Sukoharjonews.com – Bergaul dengan lawan jenis bukanlah hal yang dilarang dalam Islam. Namun, pergaulan antar lawan jenis ini haruslah dilandasi dengan etika agar tidak melanggar syariat yang ada.
Dikutip dari Bincang Muslimah, pada Rabu (20/11/2024), hadist tentang perempuan adalah aurat dalam riwayat Imam al-Tirmidzi sebagai berikut:
باﺏ ﺑﻴﺎﻥ ﻣﺎ ﻓﻲ ﺧﺮﻭﺝ ﺍﻟﻤﺮﺃﺓ ﻣﻦ ﺍﻟﻤﻔﺎﺳﺪ : -3 ﻋﻦ ﻋﺒﺪ ﺍﻟﻠﻪ ﺑﻦ ﻣﺴﻌﻮﺩ – ﺭﺿﻲ ﺍﻟﻠﻪ ﺗﻌﺎﻟﻰ ﻋﻨﻪ – ﻋﻦ ﺍﻟﻨﺒﻲ – ﺻﻠﻰ ﺍﻟﻠﻪ ﻋﻠﻴﻪ ﻭﺳﻠﻢ – ﻗﺎﻝ : ” ﺇﻥ ﺍﻟﻤﺮﺃﺓ ﻋﻮﺭﺓ ﻓﺈﺫﺍ ﺧﺮﺟﺖ ﺍﺳﺘﺸﺮﻓﻬﺎ ﺍﻟﺸﻴﻄﺎﻥ
Bab ketika perempuan keluar ke tempat fasad. “Dari Ibnu Mas’u ra dari Nabi shallallahu ‘alaihi wasallam bersabda: “Perempuan itu adalah aurat. Jika dia keluar maka setan akan memperindahnya di mata pria.”(HR. Tirmidzi).
Dalam Sunan Tirmidzi, hadis ini masuk dalam tema Bab ketika perempuan keluar ke tempat fasad. Fasad sendiri dalam Kamus al-Ma’ani artinya adalah kerusakan atau kebinasaan. Imam al-Mubarakfuri dalam Tuhfatul Ahwadzi menjelaskan bahwa maksudnya aurat di sini adalah ketika setan memperindahnya di mata laki-laki jika perempuan keluar ke tempat-tempat yang menimbulkan kerusakan.

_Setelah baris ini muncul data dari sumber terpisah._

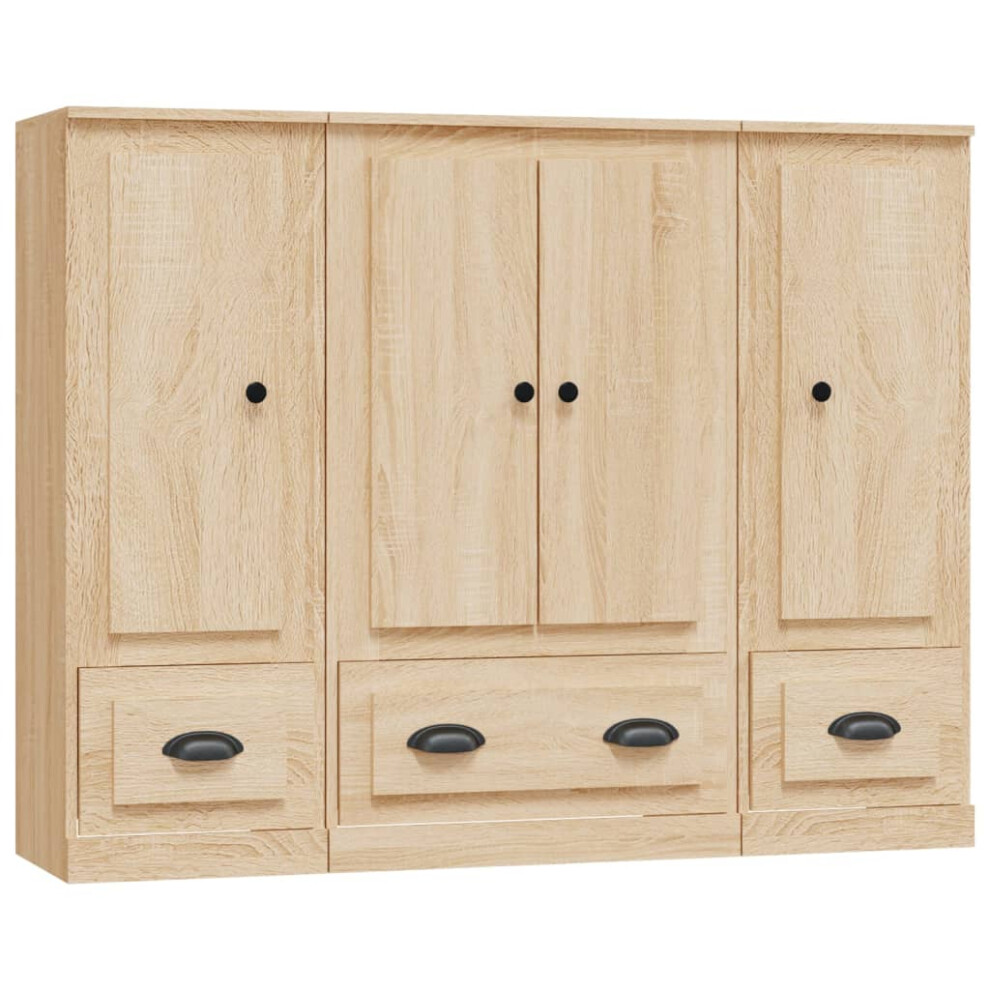 Vidaxl (Sonoma Oak) Highboards Storage Cabinet Side Cabinets Cupboard 3 Pcs Engineered Wood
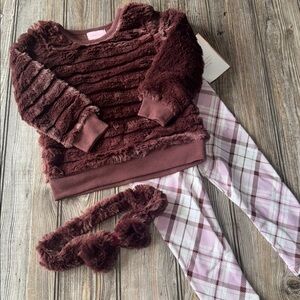 Lucky penny set Plush Burgundy brown Sweater Plaid Leggings headband NEW 2t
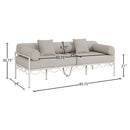 Meridian Portofino 85.75" Beige Resilient Water Repellent Fabric Upholstered Outdoor Patio Sofa IMAGE 7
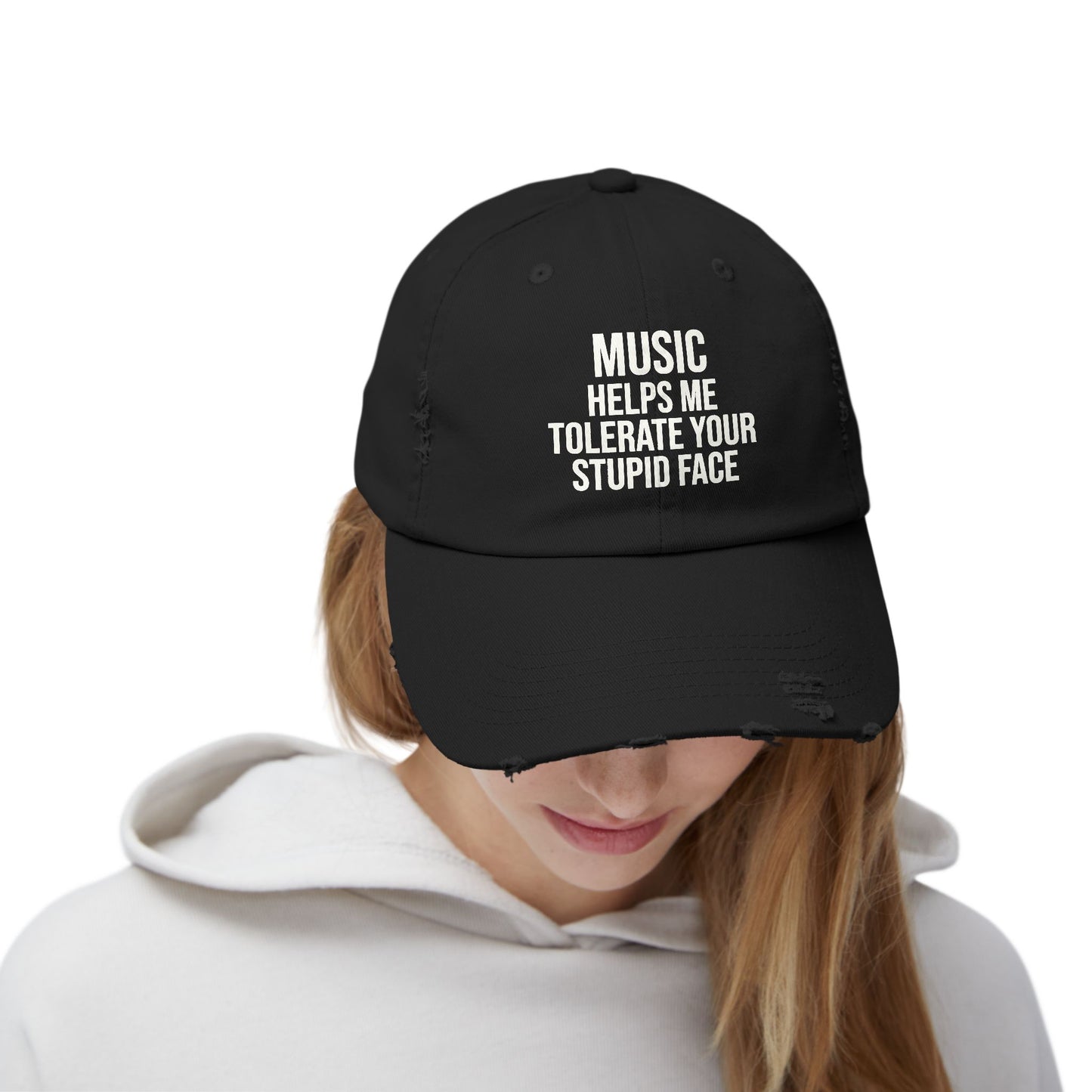 Music Helps Me Tolerate Your Stupid Face Distressed Dad Cap
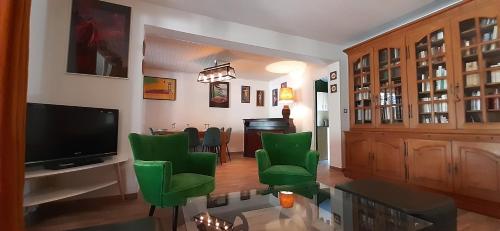 Il comprend un salon doté de fauteuils verts et d'une télévision à écran plat. dans l'établissement Mas Saint Joseph, à Meynes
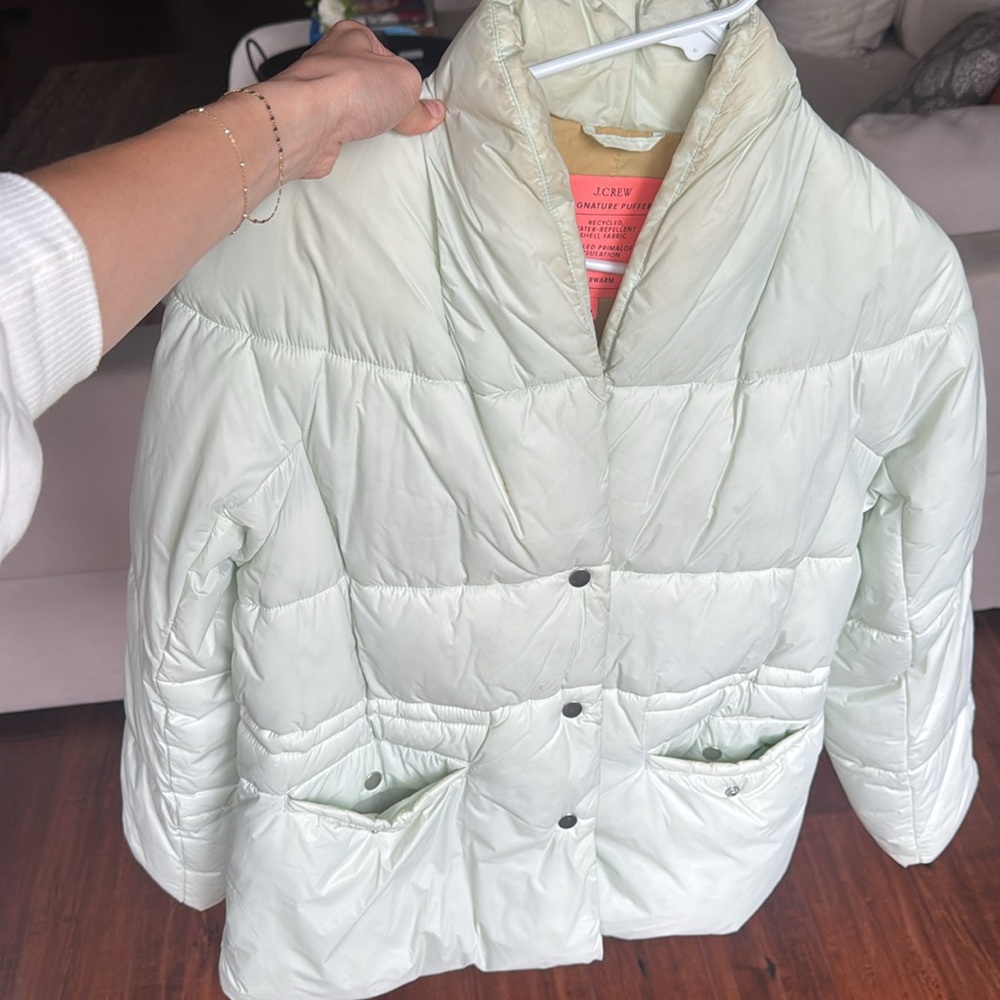 Mint Green J Crew Puffer Jacket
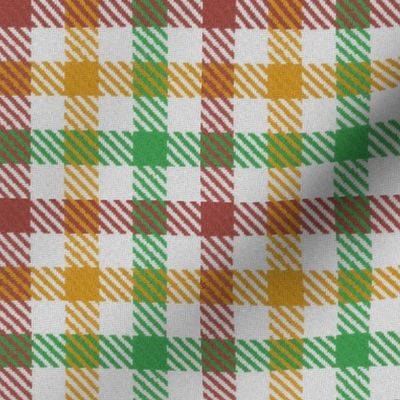 Tricolor Gingham Brown Yellow Green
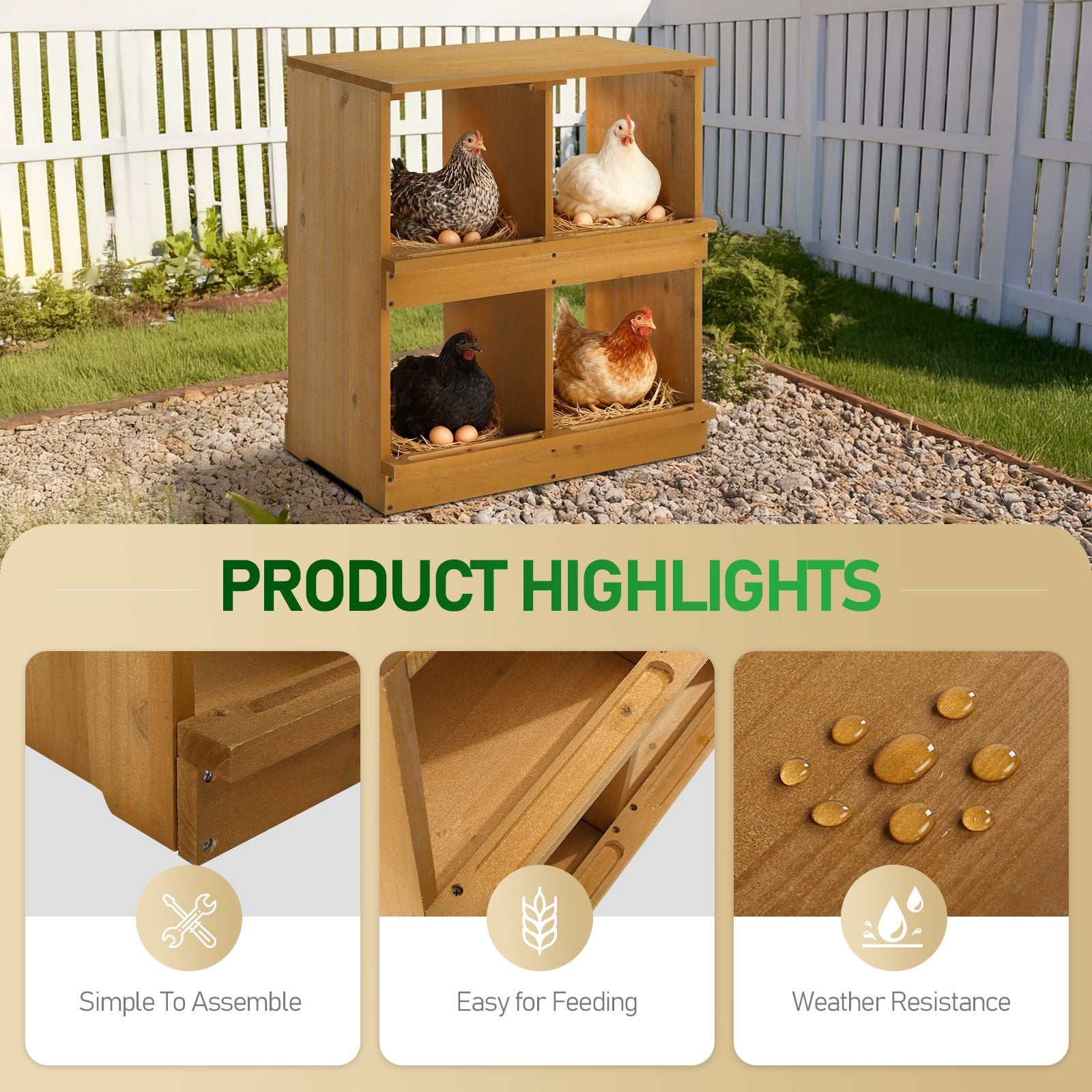 Nesting Boxes for Chickens, Wooden Chicken Nesting Box, Laying Eggs Nest Box for Chickens Hens Ducks, Yellow, 4 Compartments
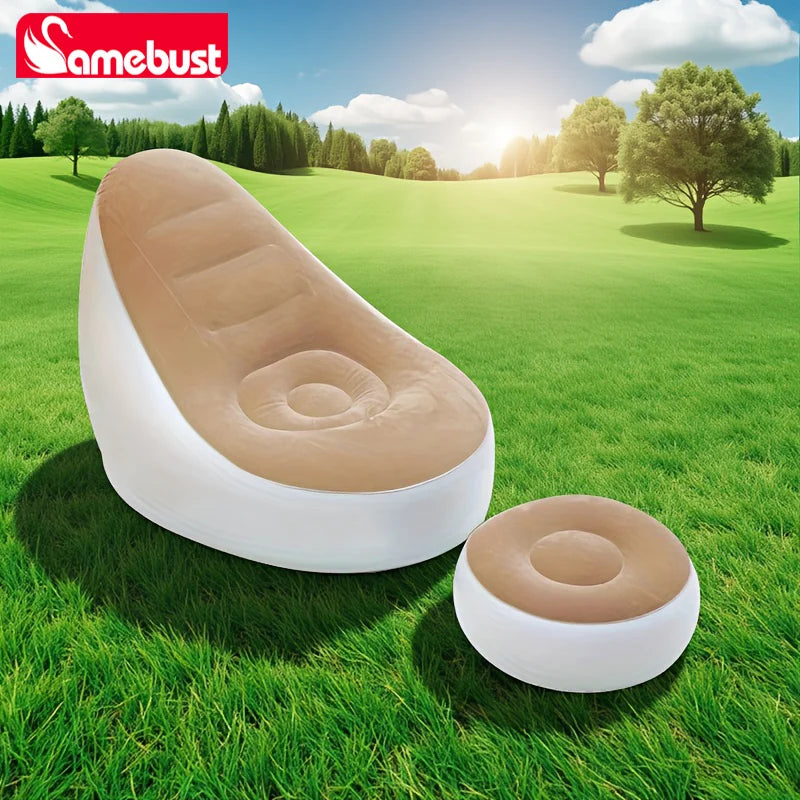 Canapé gonflable Camebust - Revêtement floqué, repose-pieds en PVC de haute qualité, gonflage rapide, fauteuil relax marron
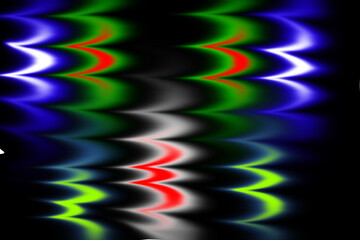 Abstract wavy light patterns with vibrant colors on black background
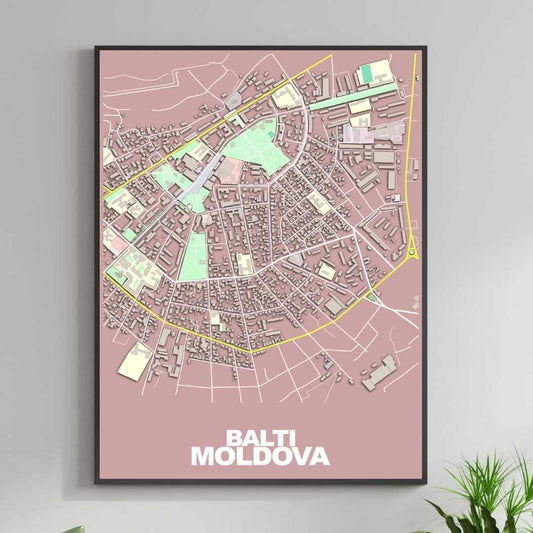 COLOURED ROAD MAP OF BALTI, MOLDOVA BY MAPBAKES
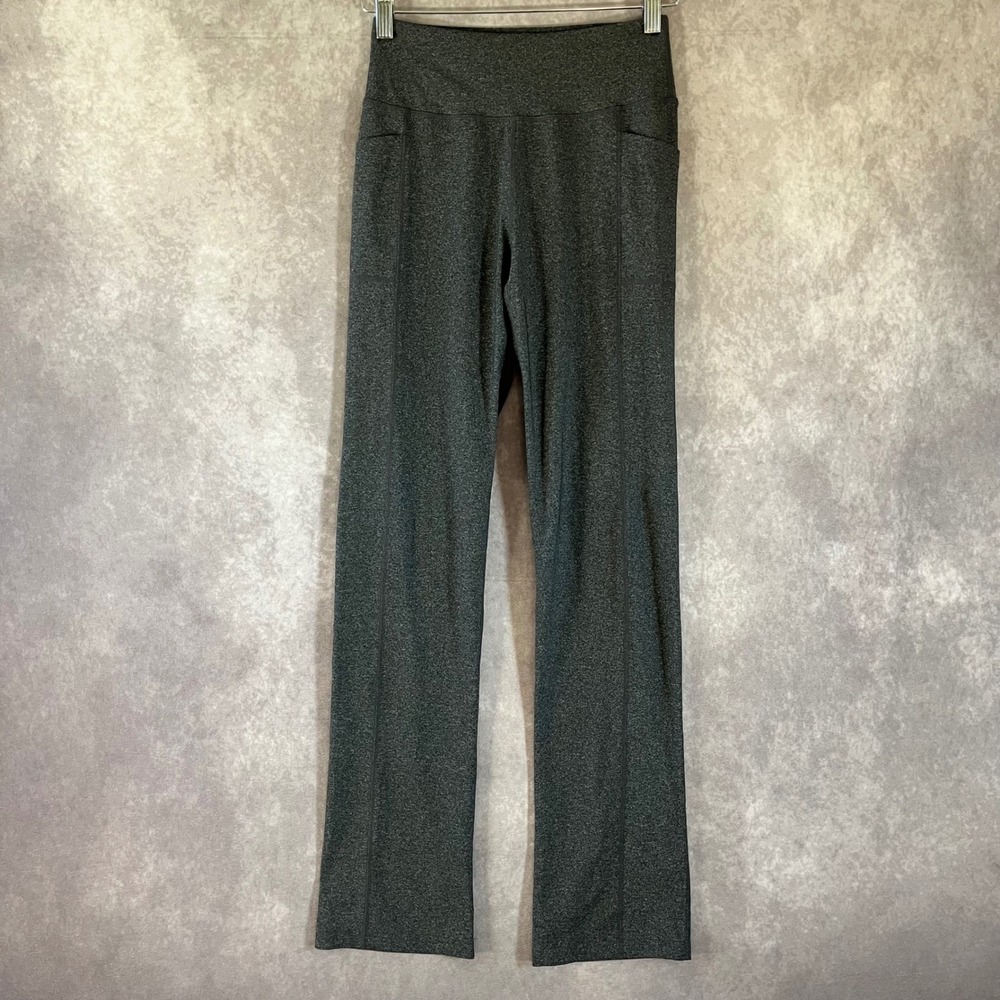 Skechers GoWalk Pants Women Small Gray High Waisted Straight Leg Pockets Yoga
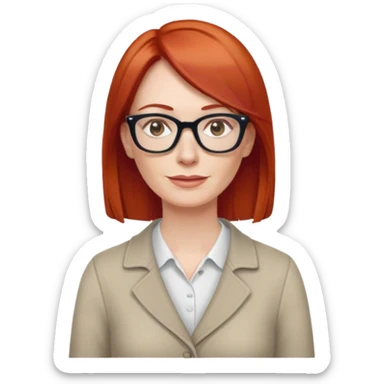 middle age Red head long straight hair pale skin wearing glasses sticker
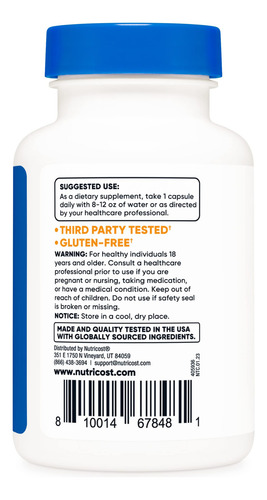 Suplemento Nutricost Vitamina B12 1000mcg 120 Cápsulas - Imagem 3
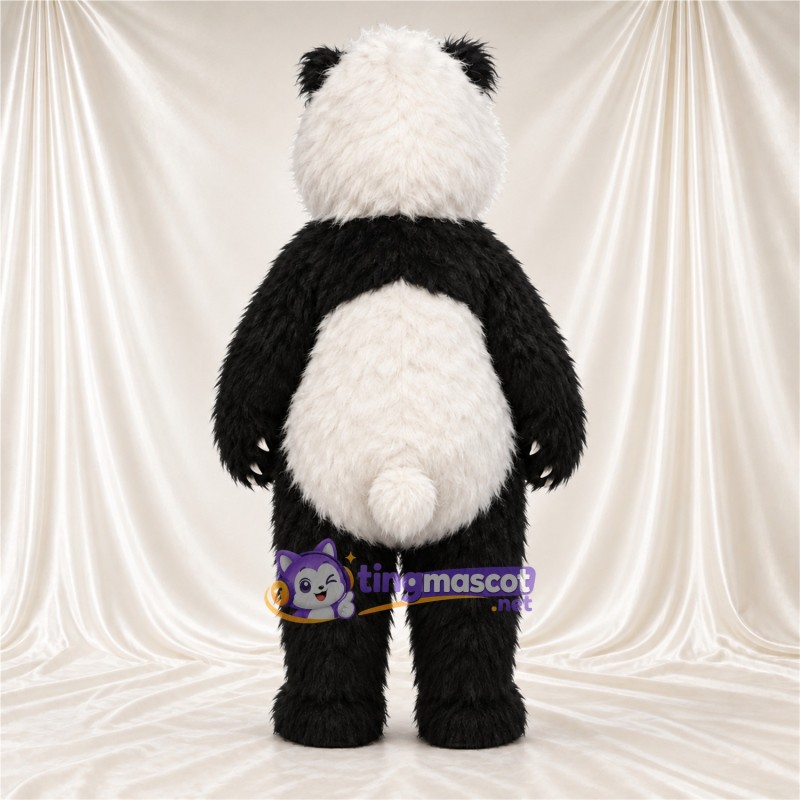 Black and White Panda Mascot Costume - Shaggy Fur and White Claws Black and White Panda Mascot Costume - Shaggy Fur and White Claws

Misal berdua-duaan atau tempat-tempat yang memudahkan terjadinya maksiat. Maka berbeda jika ia pergi ke tempat-tempat belajar atau bekerja, karena ia menuju tempat-tempat yang baik.
Adab Perempuan Saat Berbicara dengan Laki-Laki
Kemudian dalam ayat al-Qur’an aurat perempuan digambarkan lewat suaranya
يَا نِسَاءَ النَّبِيِّ لَسْتُنَّ كَأَحَدٍ مِنَ النِّسَاءِ ۚ إِنِ اتَّقَيْتُنَّ فَلَا تَخْضَعْنَ بِالْقَوْلِ فَيَطْمَعَ الَّذِي فِي قَلْبِهِ مَرَضٌ وَقُلْنَ قَوْلًا مَعْرُوفًا
Hai isteri-isteri Nabi, kamu sekalian tidaklah seperti perempuan yang lain, jika kamu bertakwa. Maka janganlah kamu berbicara dengan lembut manja karena ia mampu menimbulkan keinginan kepada orang yang ada penyakit dalam hatinya dan sebaliknya ucapkanlah perkataan yang baik,(sesuai dan sopan). (QS. Al-Ahzab; 32).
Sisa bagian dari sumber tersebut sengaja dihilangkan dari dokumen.